(Exercise data begins)

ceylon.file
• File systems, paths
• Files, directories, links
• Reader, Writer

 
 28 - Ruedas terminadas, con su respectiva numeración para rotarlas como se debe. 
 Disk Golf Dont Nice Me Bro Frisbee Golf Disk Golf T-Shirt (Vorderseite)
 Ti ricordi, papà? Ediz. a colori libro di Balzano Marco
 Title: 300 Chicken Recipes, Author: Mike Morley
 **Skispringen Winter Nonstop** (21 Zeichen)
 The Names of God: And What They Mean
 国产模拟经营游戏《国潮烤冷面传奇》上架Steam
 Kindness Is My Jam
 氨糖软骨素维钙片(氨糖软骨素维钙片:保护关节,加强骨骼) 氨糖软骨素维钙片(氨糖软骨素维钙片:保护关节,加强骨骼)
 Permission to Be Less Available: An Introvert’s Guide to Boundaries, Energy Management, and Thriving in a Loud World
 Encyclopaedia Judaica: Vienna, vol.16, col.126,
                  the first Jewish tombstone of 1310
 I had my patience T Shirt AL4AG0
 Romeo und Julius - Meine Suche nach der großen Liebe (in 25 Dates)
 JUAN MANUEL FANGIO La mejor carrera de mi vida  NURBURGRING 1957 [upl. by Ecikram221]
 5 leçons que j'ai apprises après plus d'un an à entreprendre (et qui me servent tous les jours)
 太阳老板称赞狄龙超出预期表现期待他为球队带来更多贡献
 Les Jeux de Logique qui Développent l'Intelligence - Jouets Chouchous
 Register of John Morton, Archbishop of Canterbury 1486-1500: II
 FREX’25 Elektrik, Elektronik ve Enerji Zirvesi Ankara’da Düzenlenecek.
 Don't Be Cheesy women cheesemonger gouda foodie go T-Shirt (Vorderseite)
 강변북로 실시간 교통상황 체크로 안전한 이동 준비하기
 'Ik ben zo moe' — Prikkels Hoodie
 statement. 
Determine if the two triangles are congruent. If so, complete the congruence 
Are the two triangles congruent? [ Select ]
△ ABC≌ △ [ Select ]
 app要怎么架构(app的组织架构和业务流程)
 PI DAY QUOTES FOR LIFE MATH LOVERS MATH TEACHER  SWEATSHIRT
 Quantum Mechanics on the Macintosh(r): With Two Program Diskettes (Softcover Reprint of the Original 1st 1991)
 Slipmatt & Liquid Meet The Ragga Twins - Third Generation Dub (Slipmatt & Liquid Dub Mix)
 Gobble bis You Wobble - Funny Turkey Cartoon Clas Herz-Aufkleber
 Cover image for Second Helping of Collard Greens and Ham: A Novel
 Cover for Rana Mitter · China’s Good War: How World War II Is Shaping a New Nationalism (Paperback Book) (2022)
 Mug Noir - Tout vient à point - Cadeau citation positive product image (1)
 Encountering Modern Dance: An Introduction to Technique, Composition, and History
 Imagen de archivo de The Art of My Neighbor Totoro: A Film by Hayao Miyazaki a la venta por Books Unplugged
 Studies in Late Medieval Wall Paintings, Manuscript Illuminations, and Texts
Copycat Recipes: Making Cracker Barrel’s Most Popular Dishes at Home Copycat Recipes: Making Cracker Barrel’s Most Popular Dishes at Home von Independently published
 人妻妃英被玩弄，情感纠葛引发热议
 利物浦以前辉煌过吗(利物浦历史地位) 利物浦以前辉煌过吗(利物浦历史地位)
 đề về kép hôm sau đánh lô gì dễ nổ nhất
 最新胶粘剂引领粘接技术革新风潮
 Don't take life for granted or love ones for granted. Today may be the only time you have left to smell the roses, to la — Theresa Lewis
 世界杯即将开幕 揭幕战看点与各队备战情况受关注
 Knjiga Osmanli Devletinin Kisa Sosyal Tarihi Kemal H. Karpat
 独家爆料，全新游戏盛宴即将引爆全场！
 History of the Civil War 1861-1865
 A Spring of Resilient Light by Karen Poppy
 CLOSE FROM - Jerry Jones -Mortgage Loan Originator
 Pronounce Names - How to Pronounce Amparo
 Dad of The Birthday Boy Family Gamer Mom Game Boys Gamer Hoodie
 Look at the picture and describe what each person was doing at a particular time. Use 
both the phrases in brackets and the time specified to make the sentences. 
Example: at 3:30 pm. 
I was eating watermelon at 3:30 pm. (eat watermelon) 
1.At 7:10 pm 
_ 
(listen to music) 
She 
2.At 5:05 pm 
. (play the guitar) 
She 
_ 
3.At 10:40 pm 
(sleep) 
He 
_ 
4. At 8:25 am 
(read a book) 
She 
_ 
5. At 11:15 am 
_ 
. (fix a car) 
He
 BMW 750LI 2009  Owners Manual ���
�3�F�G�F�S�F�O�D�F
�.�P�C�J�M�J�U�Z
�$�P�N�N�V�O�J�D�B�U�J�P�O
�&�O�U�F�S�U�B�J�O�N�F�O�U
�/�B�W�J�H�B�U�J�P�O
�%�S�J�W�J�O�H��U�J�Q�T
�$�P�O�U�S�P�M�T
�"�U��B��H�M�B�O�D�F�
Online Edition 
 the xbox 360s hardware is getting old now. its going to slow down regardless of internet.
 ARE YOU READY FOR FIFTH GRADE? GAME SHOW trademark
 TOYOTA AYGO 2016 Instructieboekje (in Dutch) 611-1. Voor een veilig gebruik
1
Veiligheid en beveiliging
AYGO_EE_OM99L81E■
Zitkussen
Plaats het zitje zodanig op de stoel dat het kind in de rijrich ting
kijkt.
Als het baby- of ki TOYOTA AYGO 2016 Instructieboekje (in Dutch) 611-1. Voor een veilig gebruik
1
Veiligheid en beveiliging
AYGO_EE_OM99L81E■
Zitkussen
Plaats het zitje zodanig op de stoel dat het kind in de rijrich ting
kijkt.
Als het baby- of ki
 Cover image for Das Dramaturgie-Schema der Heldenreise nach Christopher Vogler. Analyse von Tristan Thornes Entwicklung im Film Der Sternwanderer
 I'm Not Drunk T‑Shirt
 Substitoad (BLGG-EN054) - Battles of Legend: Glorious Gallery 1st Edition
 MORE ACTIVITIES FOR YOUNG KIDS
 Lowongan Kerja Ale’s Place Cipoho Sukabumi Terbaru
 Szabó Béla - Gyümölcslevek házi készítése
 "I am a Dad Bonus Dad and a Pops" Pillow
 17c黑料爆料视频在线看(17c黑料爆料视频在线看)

(Exercise data ends)

> [Task details]:
Reproduce the material while keeping each line exactly as it was written.

> [Answer to the exercise]:
ceylon.file
• File systems, paths
• Files, directories, links
• Reader, Writer

 
 28 - Ruedas terminadas, con su respectiva numeración para rotarlas como se debe. 
 Disk Golf Dont Nice Me Bro Frisbee Golf Disk Golf T-Shirt (Vorderseite)
 Ti ricordi, papà? Ediz. a colori libro di Balzano Marco
 Title: 300 Chicken Recipes, Author: Mike Morley
 **Skispringen Winter Nonstop** (21 Zeichen)
 The Names of God: And What They Mean
 国产模拟经营游戏《国潮烤冷面传奇》上架Steam
 Kindness Is My Jam
 氨糖软骨素维钙片(氨糖软骨素维钙片:保护关节,加强骨骼) 氨糖软骨素维钙片(氨糖软骨素维钙片:保护关节,加强骨骼)
 Permission to Be Less Available: An Introvert’s Guide to Boundaries, Energy Management, and Thriving in a Loud World
 Encyclopaedia Judaica: Vienna, vol.16, col.126,
                  the first Jewish tombstone of 1310
 I had my patience T Shirt AL4AG0
 Romeo und Julius - Meine Suche nach der großen Liebe (in 25 Dates)
 JUAN MANUEL FANGIO La mejor carrera de mi vida  NURBURGRING 1957 [upl. by Ecikram221]
 5 leçons que j'ai apprises après plus d'un an à entreprendre (et qui me servent tous les jours)
 太阳老板称赞狄龙超出预期表现期待他为球队带来更多贡献
 Les Jeux de Logique qui Développent l'Intelligence - Jouets Chouchous
 Register of John Morton, Archbishop of Canterbury 1486-1500: II
 FREX’25 Elektrik, Elektronik ve Enerji Zirvesi Ankara’da Düzenlenecek.
 Don't Be Cheesy women cheesemonger gouda foodie go T-Shirt (Vorderseite)
 강변북로 실시간 교통상황 체크로 안전한 이동 준비하기
 'Ik ben zo moe' — Prikkels Hoodie
 statement. 
Determine if the two triangles are congruent. If so, complete the congruence 
Are the two triangles congruent? [ Select ]
△ ABC≌ △ [ Select ]
 app要怎么架构(app的组织架构和业务流程)
 PI DAY QUOTES FOR LIFE MATH LOVERS MATH TEACHER  SWEATSHIRT
 Quantum Mechanics on the Macintosh(r): With Two Program Diskettes (Softcover Reprint of the Original 1st 1991)
 Slipmatt & Liquid Meet The Ragga Twins - Third Generation Dub (Slipmatt & Liquid Dub Mix)
 Gobble bis You Wobble - Funny Turkey Cartoon Clas Herz-Aufkleber
 Cover image for Second Helping of Collard Greens and Ham: A Novel
 Cover for Rana Mitter · China’s Good War: How World War II Is Shaping a New Nationalism (Paperback Book) (2022)
 Mug Noir - Tout vient à point - Cadeau citation positive product image (1)
 Encountering Modern Dance: An Introduction to Technique, Composition, and History
 Imagen de archivo de The Art of My Neighbor Totoro: A Film by Hayao Miyazaki a la venta por Books Unplugged
 Studies in Late Medieval Wall Paintings, Manuscript Illuminations, and Texts
Copycat Recipes: Making Cracker Barrel’s Most Popular Dishes at Home Copycat Recipes: Making Cracker Barrel’s Most Popular Dishes at Home von Independently published
 人妻妃英被玩弄，情感纠葛引发热议
 利物浦以前辉煌过吗(利物浦历史地位) 利物浦以前辉煌过吗(利物浦历史地位)
 đề về kép hôm sau đánh lô gì dễ nổ nhất
 最新胶粘剂引领粘接技术革新风潮
 Don't take life for granted or love ones for granted. Today may be the only time you have left to smell the roses, to la — Theresa Lewis
 世界杯即将开幕 揭幕战看点与各队备战情况受关注
 Knjiga Osmanli Devletinin Kisa Sosyal Tarihi Kemal H. Karpat
 独家爆料，全新游戏盛宴即将引爆全场！
 History of the Civil War 1861-1865
 A Spring of Resilient Light by Karen Poppy
 CLOSE FROM - Jerry Jones -Mortgage Loan Originator
 Pronounce Names - How to Pronounce Amparo
 Dad of The Birthday Boy Family Gamer Mom Game Boys Gamer Hoodie
 Look at the picture and describe what each person was doing at a particular time. Use 
both the phrases in brackets and the time specified to make the sentences. 
Example: at 3:30 pm. 
I was eating watermelon at 3:30 pm. (eat watermelon) 
1.At 7:10 pm 
_ 
(listen to music) 
She 
2.At 5:05 pm 
. (play the guitar) 
She 
_ 
3.At 10:40 pm 
(sleep) 
He 
_ 
4. At 8:25 am 
(read a book) 
She 
_ 
5. At 11:15 am 
_ 
. (fix a car) 
He
 BMW 750LI 2009  Owners Manual ���
�3�F�G�F�S�F�O�D�F
�.�P�C�J�M�J�U�Z
�$�P�N�N�V�O�J�D�B�U�J�P�O
�&�O�U�F�S�U�B�J�O�N�F�O�U
�/�B�W�J�H�B�U�J�P�O
�%�S�J�W�J�O�H��U�J�Q�T
�$�P�O�U�S�P�M�T
�"�U��B��H�M�B�O�D�F�
Online Edition 
 the xbox 360s hardware is getting old now. its going to slow down regardless of internet.
 ARE YOU READY FOR FIFTH GRADE? GAME SHOW trademark
 TOYOTA AYGO 2016 Instructieboekje (in Dutch) 611-1. Voor een veilig gebruik
1
Veiligheid en beveiliging
AYGO_EE_OM99L81E■
Zitkussen
Plaats het zitje zodanig op de stoel dat het kind in de rijrich ting
kijkt.
Als het baby- of ki TOYOTA AYGO 2016 Instructieboekje (in Dutch) 611-1. Voor een veilig gebruik
1
Veiligheid en beveiliging
AYGO_EE_OM99L81E■
Zitkussen
Plaats het zitje zodanig op de stoel dat het kind in de rijrich ting
kijkt.
Als het baby- of ki
 Cover image for Das Dramaturgie-Schema der Heldenreise nach Christopher Vogler. Analyse von Tristan Thornes Entwicklung im Film Der Sternwanderer
 I'm Not Drunk T‑Shirt
 Substitoad (BLGG-EN054) - Battles of Legend: Glorious Gallery 1st Edition
 MORE ACTIVITIES FOR YOUNG KIDS
 Lowongan Kerja Ale’s Place Cipoho Sukabumi Terbaru
 Szabó Béla - Gyümölcslevek házi készítése
 "I am a Dad Bonus Dad and a Pops" Pillow
 17c黑料爆料视频在线看(17c黑料爆料视频在线看)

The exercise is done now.